10. The method according to any one of claims 1 to 9, wherein the aminated polymer of step (a) is selected from the list comprising aminated polyepichlorohydrin, aminated polyethylene glycol, aminated polyvinyl pyrrolidone, aminated polyvinyl chloride, aminated polyacrylate, aminated polyalkylacrylate, polystyrene aminated, aminoalkylated or aminochlorinated and any of its copolymers.

1 1. Process for obtaining functionalized linear polymers comprising the reaction between a polymer with isocyanate groups in its side chains obtained by the method described according to any of claims 1 to 10 and a reagent containing a group with active hydrogens selected from amine groups, alcohols, thiols or carboxylic acid.

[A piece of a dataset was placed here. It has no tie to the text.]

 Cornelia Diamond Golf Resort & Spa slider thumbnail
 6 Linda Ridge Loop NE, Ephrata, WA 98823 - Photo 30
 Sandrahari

12. Method of obtaining a linear polymer with urea groups in its side chains, wherein said process comprises:

to. obtaining a polymer with isocyanate groups in its side chains by the method described according to any one of claims 1 to 10;

b. dissolve the polymer obtained in (a) in a neutral solvent and add an amine at a temperature between 0 ° C and 120 ° C for a time between 10 mn and 2 h;

C. precipitate the polymer obtained in (b); Y

d. purify the polymer obtained in (c) by three dissolution-precipitation cycles.